Records provided:
•••

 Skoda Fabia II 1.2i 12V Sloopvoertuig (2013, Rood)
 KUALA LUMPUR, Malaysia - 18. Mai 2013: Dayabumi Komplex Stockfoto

•••

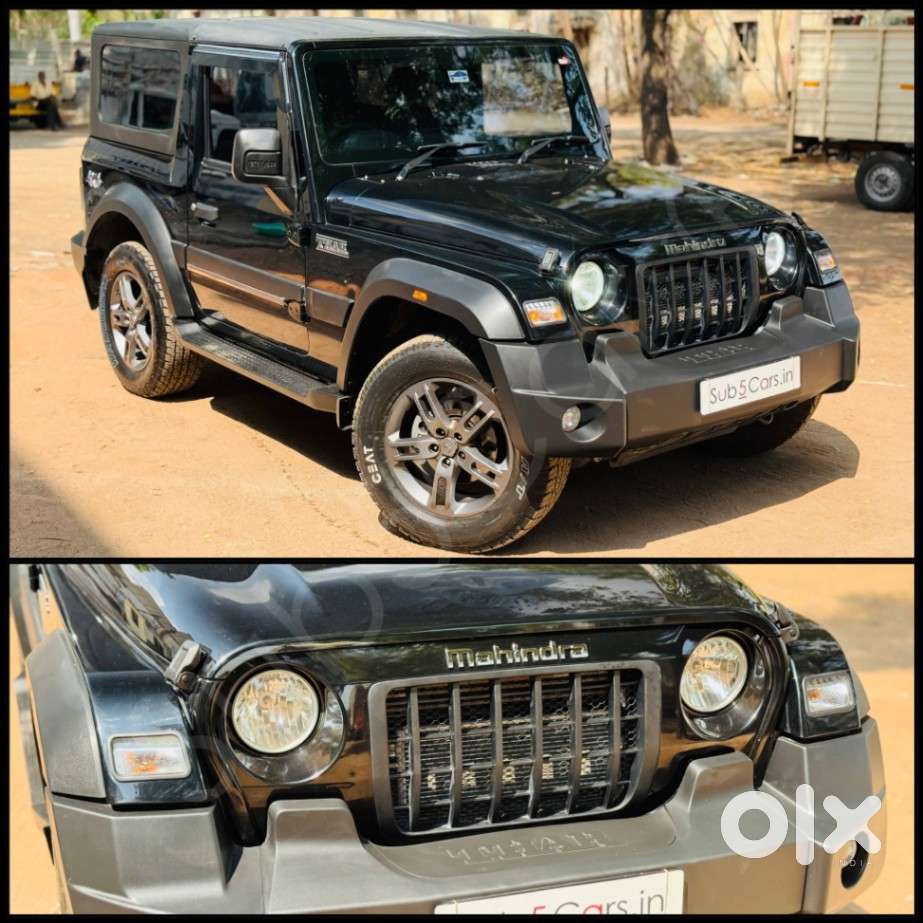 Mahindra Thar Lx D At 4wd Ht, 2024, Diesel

•••

Description of the task: In the entries above, find the line holding "Skoda Fabia II" and the line holding "KUALA LUMPUR, Malaysia"; print both of them and every line between, exactly, and nothing else.

Task result:
 Skoda Fabia II 1.2i 12V Sloopvoertuig (2013, Rood)
 KUALA LUMPUR, Malaysia - 18. Mai 2013: Dayabumi Komplex Stockfoto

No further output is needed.